Greeks learn in order to comprehend.
Hebrews learn in order to revere.

~ Abraham Joshua Heschel

Saturday, May 2, 2009

Israel Independence Day

Last Tuesday night, around 8:30 p.m., I climbed up on our rooftop to await the fireworks. April 29 is Israel's Independence Day and we were told that fireworks displays would happen all over the city to commemorate this day. Our neighbors told us that our rooftop was a great location to watch them from and they were right! Between 8:30-11 p.m. I saw a total of 12 different sets of fireworks. Brad wasn't able to make it up to the roof until about 9:45 p.m. and he still saw 8 displays! The best was the last one we saw (and the one we'd been waiting for all night) because it was the one that took place in our neighborhood--Baka. These were very close and we could here them very well unlike some of the others that were quite a distance away. They lasted probably 15-20 minutes and were quite good. Denyon was fast asleep although I'm sure he would've enjoyed all of the beautiful colors. Although the fireworks were not the best I'd ever seen (I grew up near Louisville, KY where Thunder over Lousiville happened each year--at one point the largest fireworks display in the world), the location for viewing them was the best! The rooftop was great because there were no trees or people to get in the way. It was another great experience here in Jerusalem!

See you next time,



Travis said...

Hey guys! Congrats on the pregnancy! That is SO exciting. We're excited for you guys to come back, not long now, eh? We'll need to get together and hear what I'm sure will be a VERY small portion of what you've experienced over the last year.

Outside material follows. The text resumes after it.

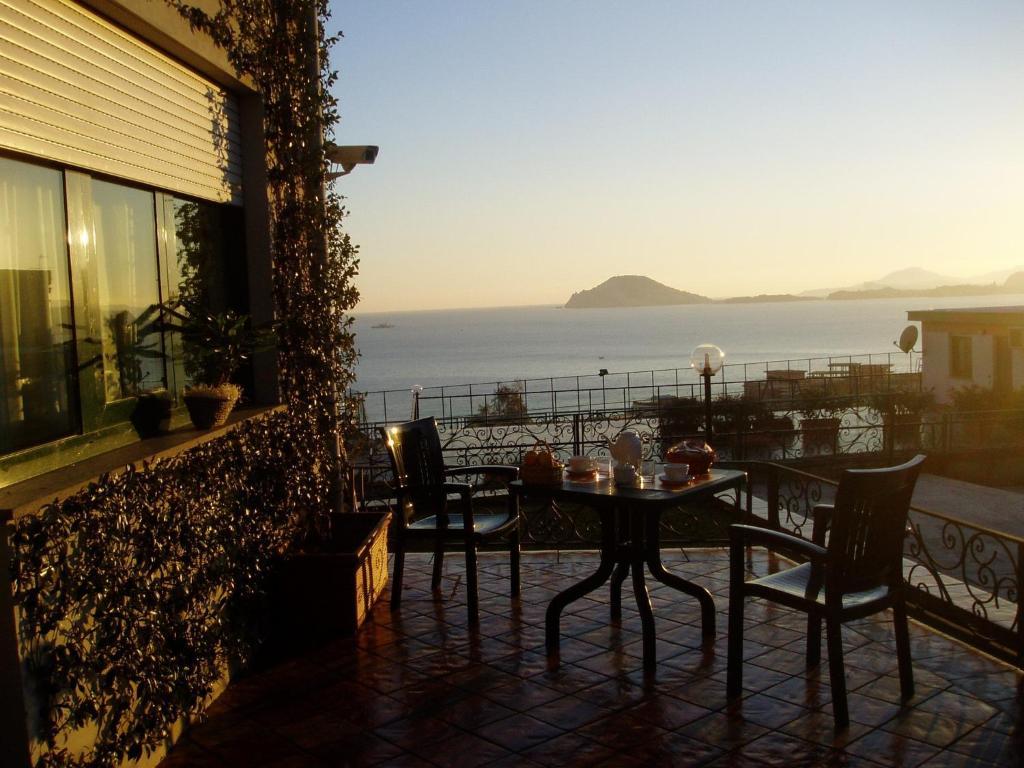 Miramare Residence Pozzuoli Exterior foto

I was just thinking about this post, and wanted to briefly comment and see what your thoughts are. I always experience a bitter-sweet feeling when I think about Israel's independence. The Palestinians call April 29th "al nakba" which means "the catastrophe." It's actually the Arabic equivalent of the Hebrew word for catastrophe that is now synonymous with The Holocaust. The explosions of fireworks remind me of what it must have sounded like for most of the innocent Palestinians who were unjustly and violently removed from their peaceful homes by the Israeli military in the War of 1948. Both sides are certainly to blame, obviously. I just rarely hear about the "other" side these days. What are your thoughts on that? Is Baka a town that has both Palestinian Israelis and Jews living in it? Was there any talk at JUC or in your neighborhood about the "darker side" of April 29?

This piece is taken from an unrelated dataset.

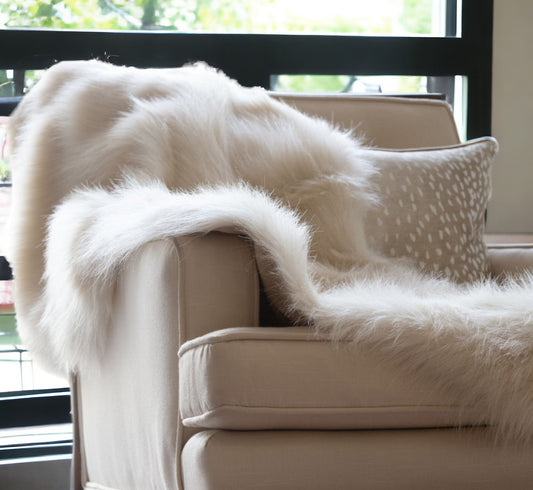 50" x 60" Royal White Long Hair Faux Fur Throw - Homeroots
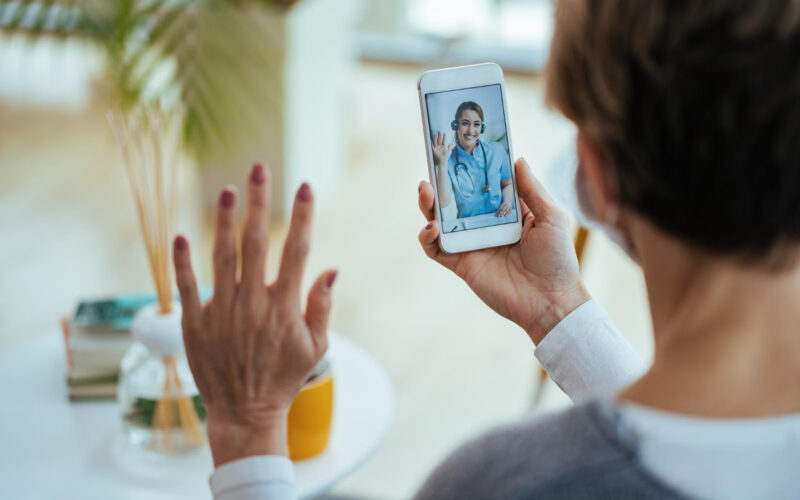 Uma das principais iniciativas é o "Consultório Digital", um espaço de atendimento ambulatorial phygital integrado à IA para triagem qualificada e 100% online.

Brad, Shallon and Denyon said...

Travis, yes we'll have to discuss some of these issues when we get back. After living here for almost a year, we definitely have a different perspective on the situation. And yes, both sides are to blame - which is extremely important to understand and to acknowledge. It is easy to become so inundated with the thoughts (and blogs) of people who discuss the issue from their perspective, which is often arguing that one side is in the wrong over the other, that we lose perspective that both sides have been in the wrong. For example, I was recently talking with a prominent Israeli guide who not only served in the army, but is also a history buff, and he shared with me that the reason many of the Palestinians "lost their homes" wasn't because Israel "unjustly and violently removed them from their peaceful homes" but because the Palestinians were asked by their fellow leaders prior to the war to leave their homes because the Palestinians were going to wipe the Israelis off the earth and they didn't want their fellow Palestinians to become collateral damage. So the Palestinians left and then Israel won the war. Subsequently, despite the loss, those people who left on their own free will (thinking the Jews were going to be annihilated) now wanted their homes back. And when that didn't happen they said they were unjustly and violently removed from their homes. So please understand ... I am not arguing for one side over the other. I am just making the point that depending upon who you hear the story from, it can changes things. It makes you wonder who's story is right. But that'll be a good conversation for us to have once we are back in states. Thanks for the great thoughts.